Task brief
Quote the lines of the data below verbatim, beginning at the line that contains "New Hand Printed" and ending at the last line, both included, and excluding pictures.

Data excerpt
━━━━━━

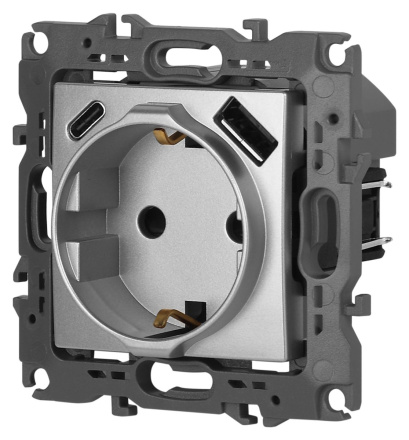 Розетка со шторками с USB type-A+C Эра 12-4108-03 Б0067716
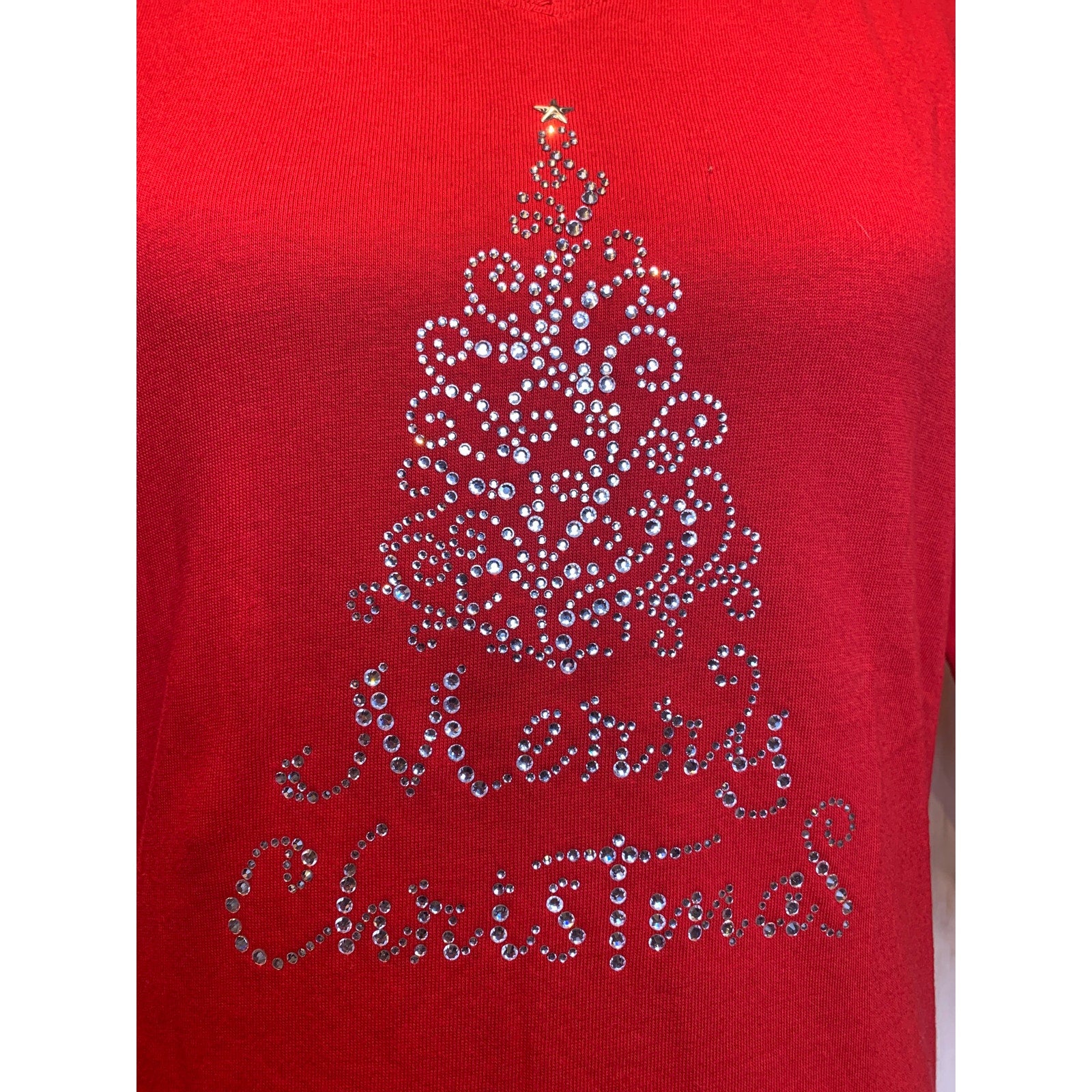 New Hand Printed Small Merry Christmas Tree Rhinestone 3/4 Sleeve Cotton Tee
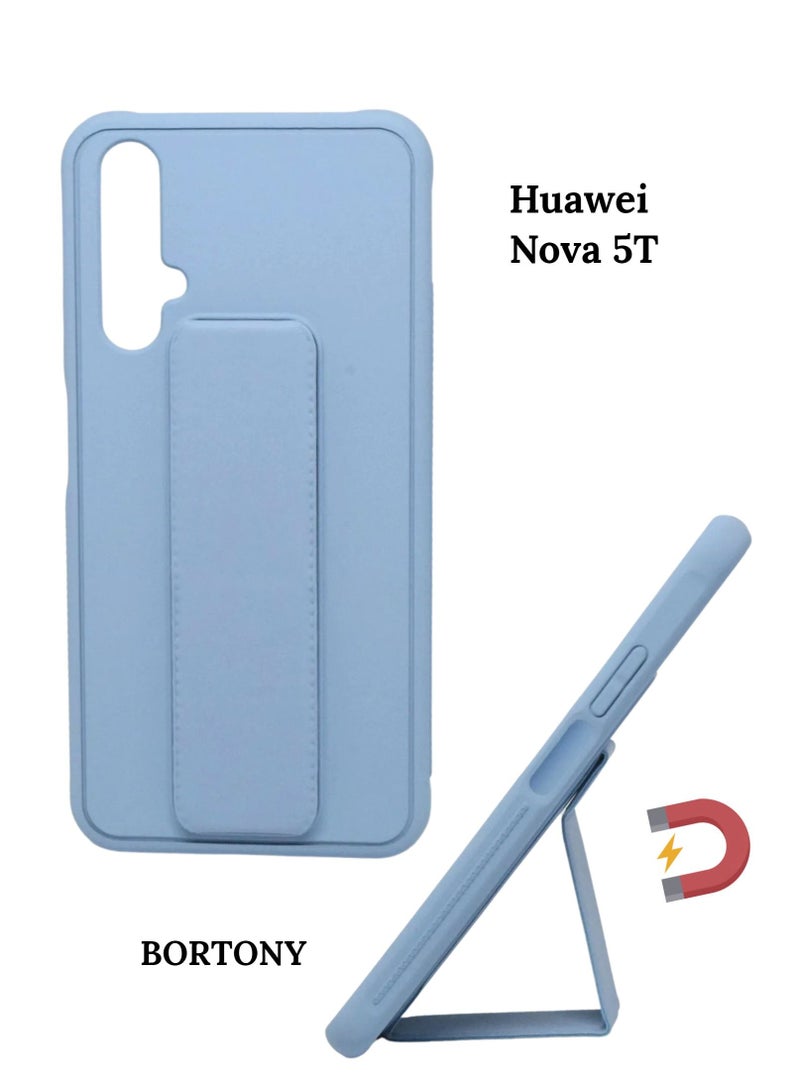 BORTONY Nova 5T Case Fully Covered With Adjustable Finger Grip Holder+Mobile Stand Shockproof Anti Scratch Protective Case Cover For Huawei Nova 5T - Image 1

━━━━━━

Output of the task
 New Hand Printed Small Merry Christmas Tree Rhinestone 3/4 Sleeve Cotton Tee
 BORTONY Nova 5T Case Fully Covered With Adjustable Finger Grip Holder+Mobile Stand Shockproof Anti Scratch Protective Case Cover For Huawei Nova 5T - Image 1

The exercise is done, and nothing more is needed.